The folder structure should look as follows:

```
data/
    dhs_tfrecords_raw/
        angola_2011_00.tfrecord.gz
        ...
        zimbabwe_2015_00.tfrecord.gz
    lsms_tfrecords_raw/
        ethiopia_2011_00.tfrecord.gz
        ...
        uganda_2013_00.tfrecord.gz
```

## Imports and Constants

In [None]:
import math
from typing import Any, Dict, Optional, Tuple

import ee
import pandas as pd

In [None]:
ee.Authenticate()

In [None]:
ee.Initialize()  # initialize the Earth Engine API

## Constants

In [None]:
# ========== ADAPT THESE PARAMETERS ==========

# To export to Google Drive, uncomment the next 2 lines
EXPORT = 'drive'
BUCKET = None

# To export to Google Cloud Storage (GCS), uncomment the next 2 lines
# and set the bucket to the desired bucket name
# EXPORT = 'gcs'
# BUCKET = 'mybucket'

# export location parameters
DHS_EXPORT_FOLDER = 'dhs_tfrecords_raw'
LSMS_EXPORT_FOLDER = 'lsms_tfrecords_raw'

## Mögliche Bands
- 10 m/px
    - 'BLUE' (B2)
    - 'GREEN' (B3)
    - 'RED' (B4)
    - 'NIR' (B8)
- 20 m/px
    - 'RED EDGE' (B5)
    - 'NIR' (B6,B7,B8A)
    - 'SWIR' (B11,B12)
- 60 m/px
    - 'COASTAL AEROSOL' (B1)
    - 'CIRRUS' (B10)

In [None]:
# input data paths
DHS_CSV_PATH = '../data/dhs_wealthindex.csv'
#LSMS_CSV_PATH = '../data/lsms_clusters.csv'

# band names
MS_BANDS = ['BLUE', 'GREEN', 'RED', 'NIR', 'SWIR1', 'SWIR2', 'TEMP1']

# image export parameters
SCALE = 10                # export resolution: 10m/px
EXPORT_TILE_RADIUS = 335  # image dimension = (2*EXPORT_TILE_RADIUS) + 1 = 671px = 6710m
CHUNK_SIZE = 1000         # set to a small number (<= 50) if Google Earth Engine reports memory errors, may have to talk about that

## Export Images

In [None]:
def export_images(
        df: pd.DataFrame,
        country: str,
        year: int,
        export_folder: str,
        chunk_size: Optional[int] = None,
        ) -> Dict[Tuple[Any], ee.batch.Task]:
    '''
    Args
    - df: pd.DataFrame, contains columns ['lat', 'lon', 'country', 'year']
    - country: str, together with `year` determines the survey to export
    - year: int, together with `country` determines the survey to export
    - export_folder: str, name of folder for export
    - chunk_size: int, optionally set a limit to the # of images exported per TFRecord file
        - set to a small number (<= 50) if Google Earth Engine reports memory errors

    Returns: dict, maps task name tuple (export_folder, country, year, chunk) to ee.batch.Task
    '''
    subset_df = df[(df['country'] == country) & (df['year'] == year)].reset_index(drop=True)
    if chunk_size is None:
        num_chunks = 1
    else:
        num_chunks = int(math.ceil(len(subset_df) / chunk_size))
    tasks = {}

    for i in range(num_chunks):
        chunk_slice = slice(i * chunk_size, (i+1) * chunk_size - 1)  # df.loc[] is inclusive
        fc = ee_utils.df_to_fc(subset_df.loc[chunk_slice, :])
        start_date, end_date = ee_utils.surveyyear_to_range(year)

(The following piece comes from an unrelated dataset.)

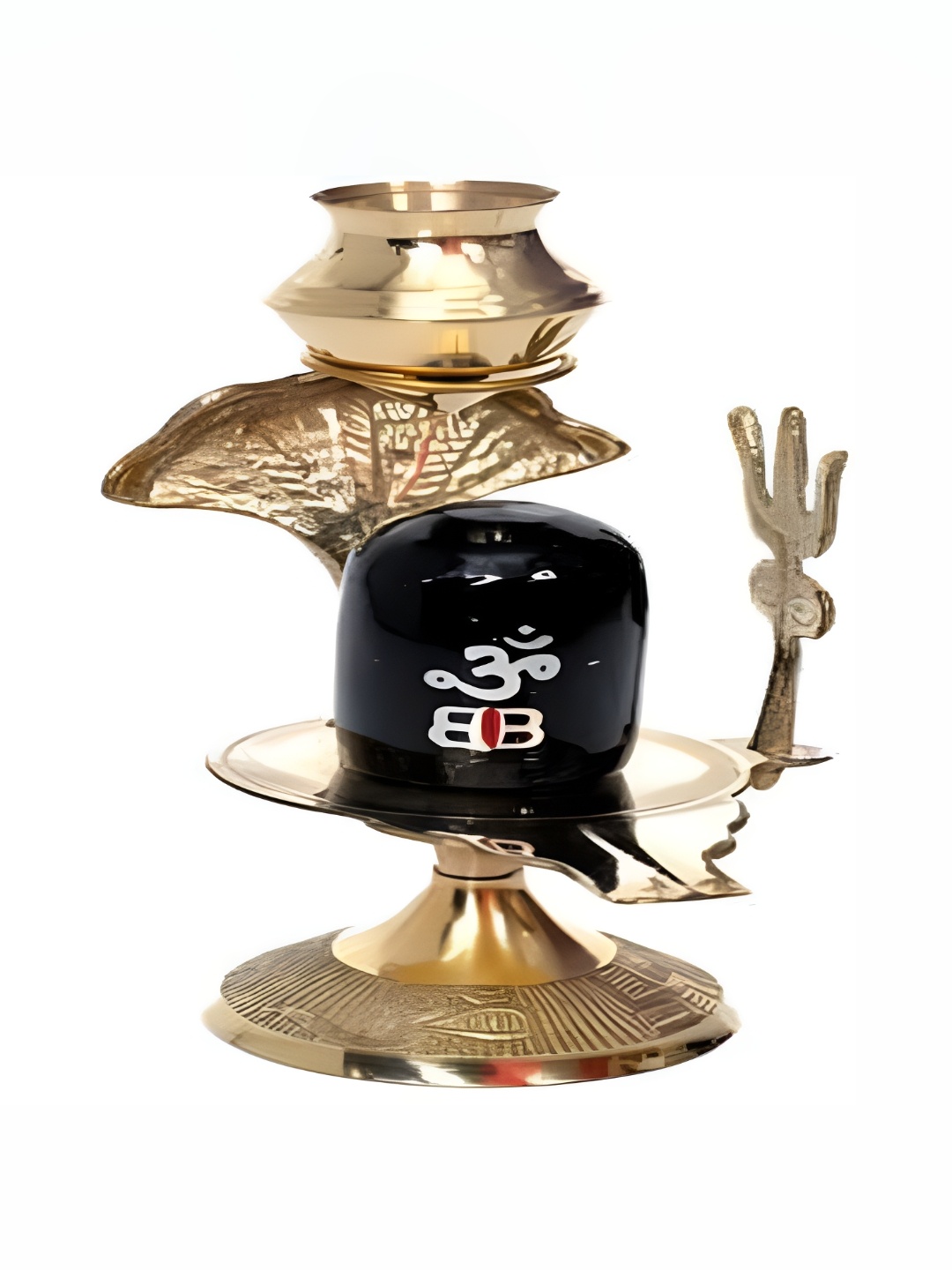 

Navyaksh Gold-Toned Religious Idol Showpiece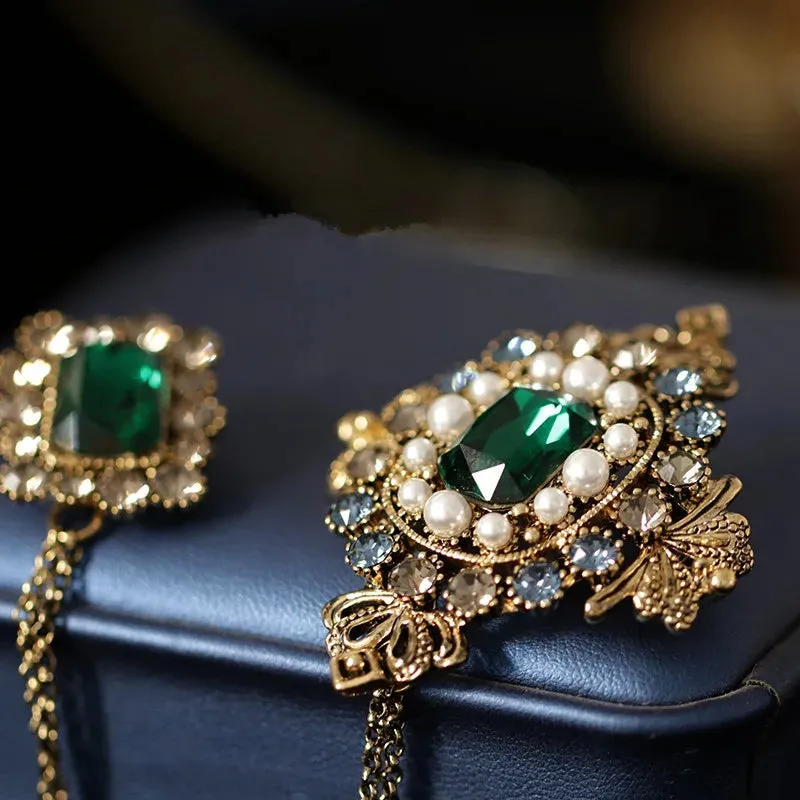 Emirhan Lace Brooch Pin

        # SENTINEL image here instead of LandsatSR, including Cloudmasking
        #roi = fc.geometry()
        #imgcol = ee_utils.LandsatSR(roi, start_date=start_date, end_date=end_date).merged
        #imgcol = imgcol.select(MS_BANDS)
        #img = imgcol.median()

        # add nightlights, latitude, and longitude bands
        #img = ee_utils.add_latlon(img)
        #img = img.addBands(ee_utils.composite_nl(year))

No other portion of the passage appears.